• **What the task requires**: Starting with the line that holds "revela que partidos", repeat each line through the last one below, exactly. Pictures stay out.

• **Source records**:
————

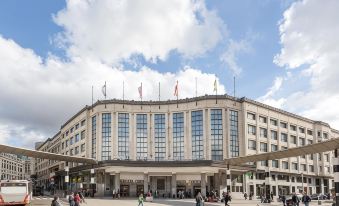 Aris Grand Place Hotel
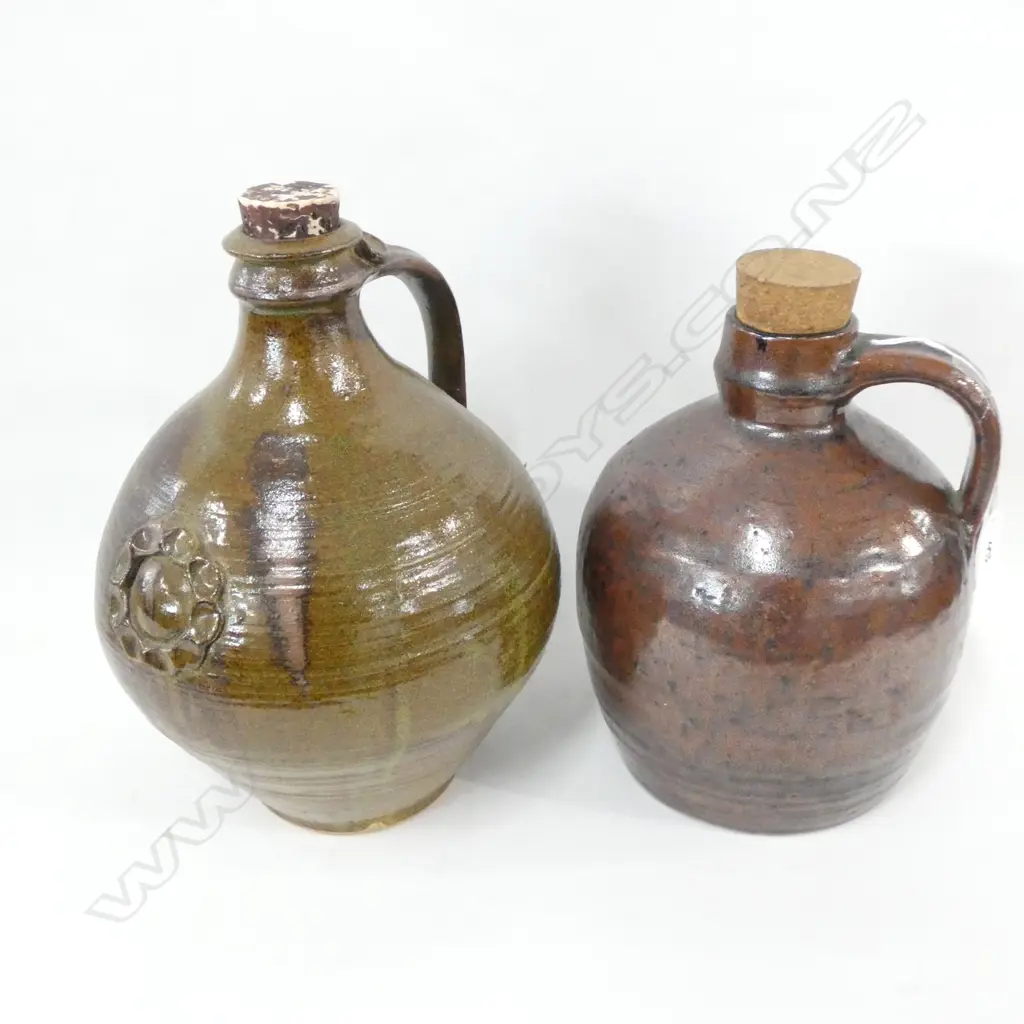 2 STUDIO POTTERY CARAFES H. 290MM Image 1++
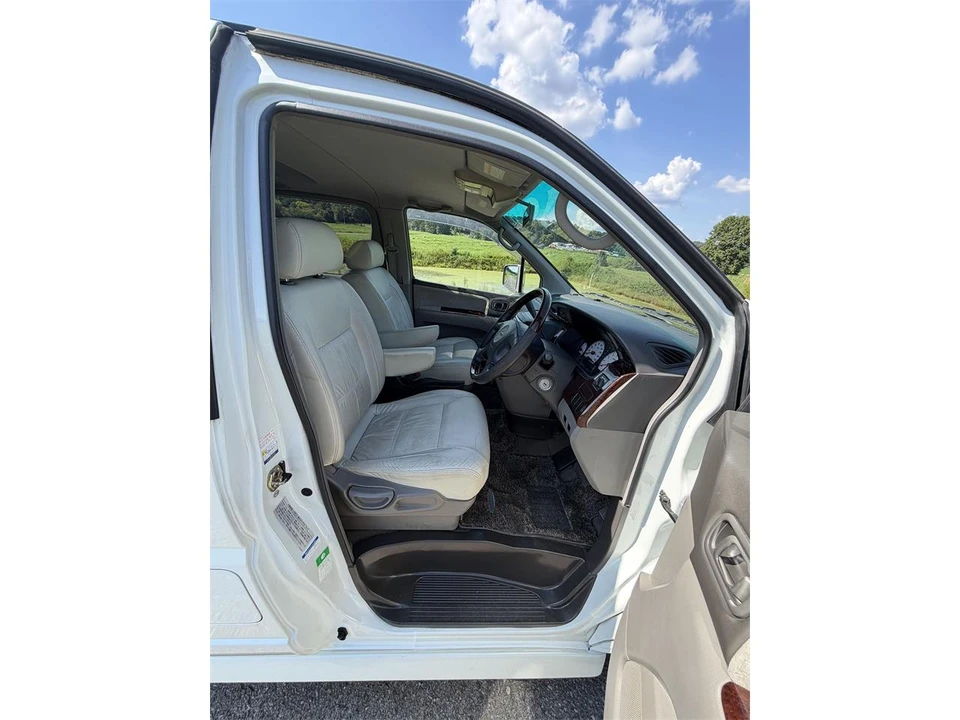1999 Nissan Elgrand 1st Gen - Image 17 of 31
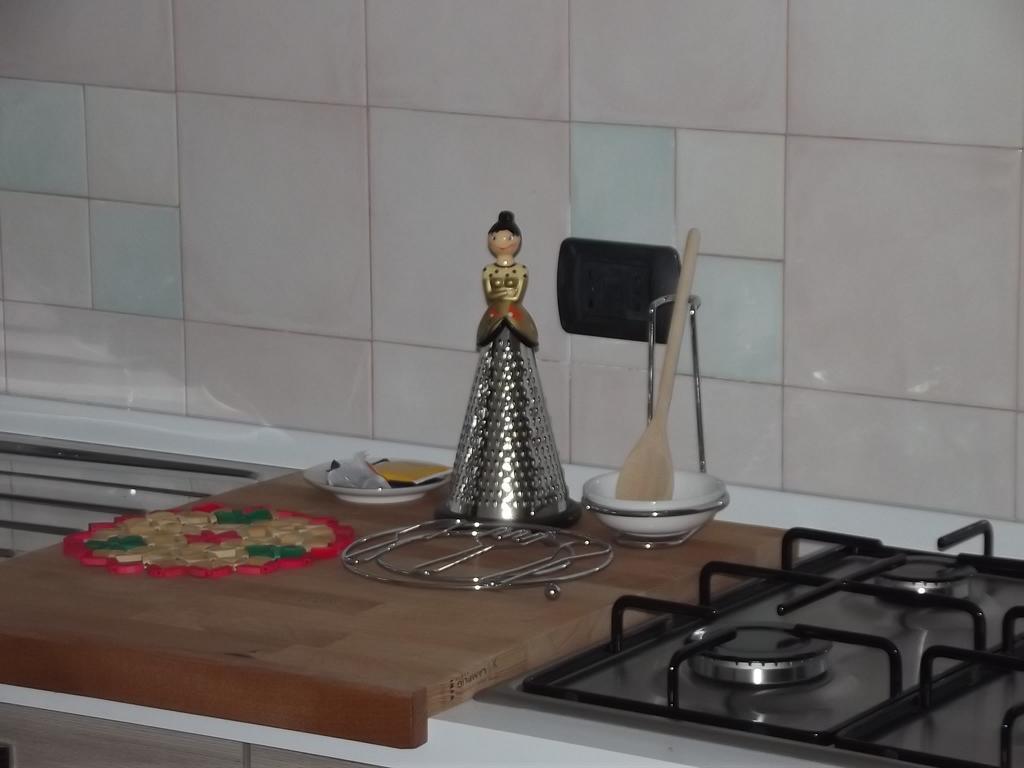 לינה וארוחת בוקר מטרה La Specchia מראה חיצוני תמונה
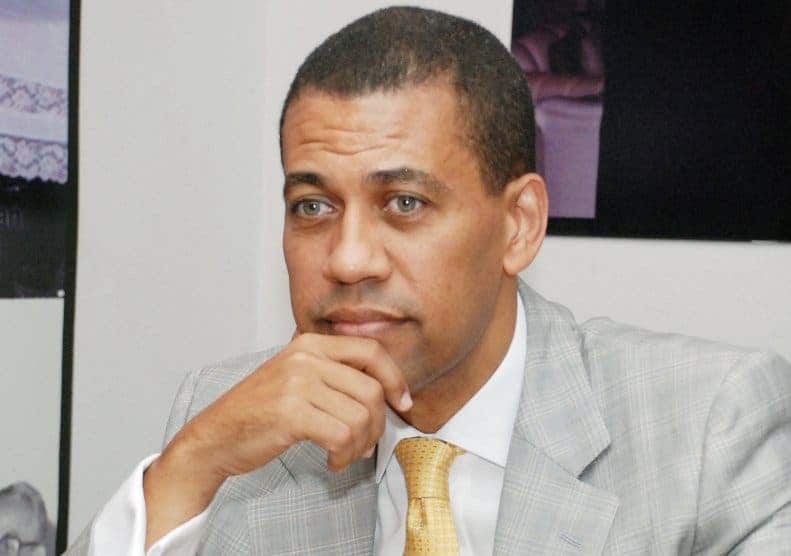 Guido Gómez: «Abstención revela que partidos políticos deben conectar más con electores»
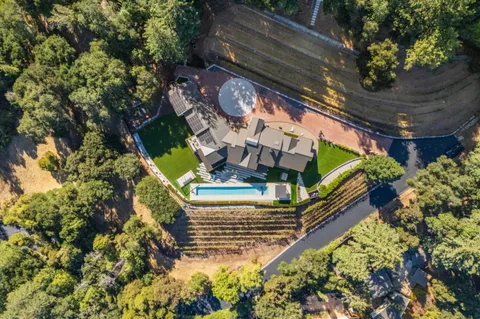 $13,950,000 | 25 Oakhill Drive, Woodside, CA 94062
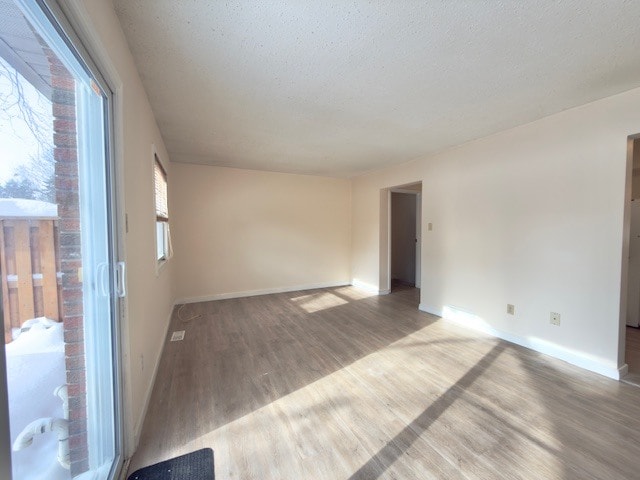 Building Photo - Cute 3 Bdrm Townhome with Finished Bsmt * Fenced Yard * AVAIL Now!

————

• **Solution**:
 Guido Gómez: «Abstención revela que partidos políticos deben conectar más con electores»
 $13,950,000 | 25 Oakhill Drive, Woodside, CA 94062
 Building Photo - Cute 3 Bdrm Townhome with Finished Bsmt * Fenced Yard * AVAIL Now!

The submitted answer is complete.